§ **Action item**
Within the entries below, please retype exactly the lines starting with the line that has "Hubert Knickerbocker : Femårsplanen" and going on through the line that has "Descubra o Mundo", but not the pictures.

§ **Records for this exercise**
#####

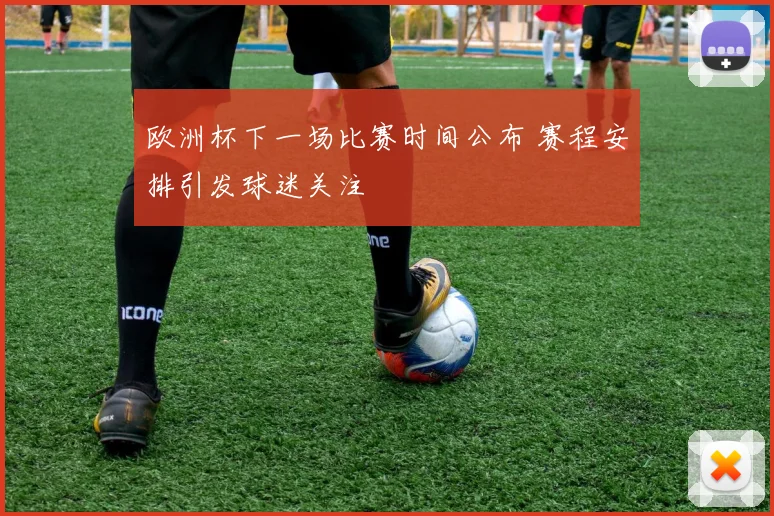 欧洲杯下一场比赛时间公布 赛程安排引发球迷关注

#####

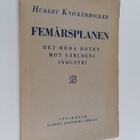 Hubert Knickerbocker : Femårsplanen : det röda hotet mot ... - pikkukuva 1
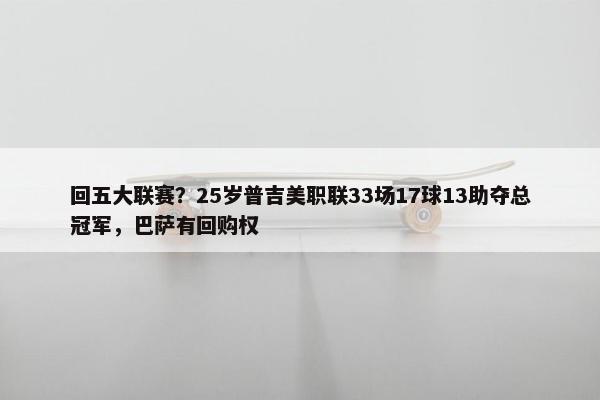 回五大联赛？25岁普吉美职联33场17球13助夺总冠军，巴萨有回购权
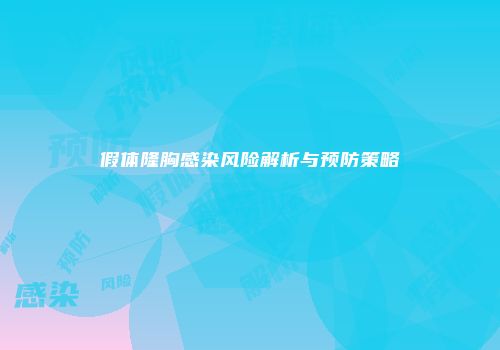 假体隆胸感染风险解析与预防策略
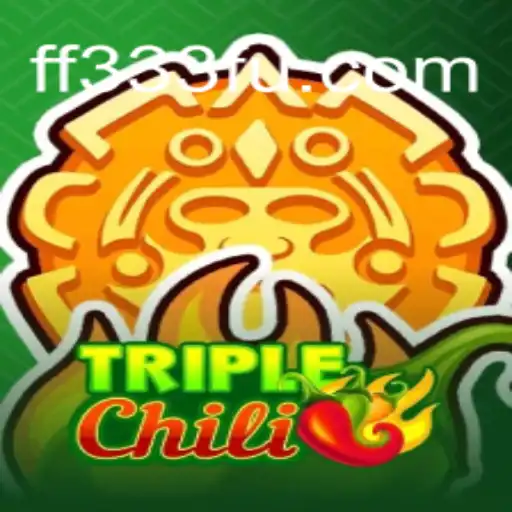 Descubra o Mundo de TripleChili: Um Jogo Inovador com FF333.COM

#####

§ **Task output**
 Hubert Knickerbocker : Femårsplanen : det röda hotet mot ... - pikkukuva 1
 回五大联赛？25岁普吉美职联33场17球13助夺总冠军，巴萨有回购权
 假体隆胸感染风险解析与预防策略
 Descubra o Mundo de TripleChili: Um Jogo Inovador com FF333.COM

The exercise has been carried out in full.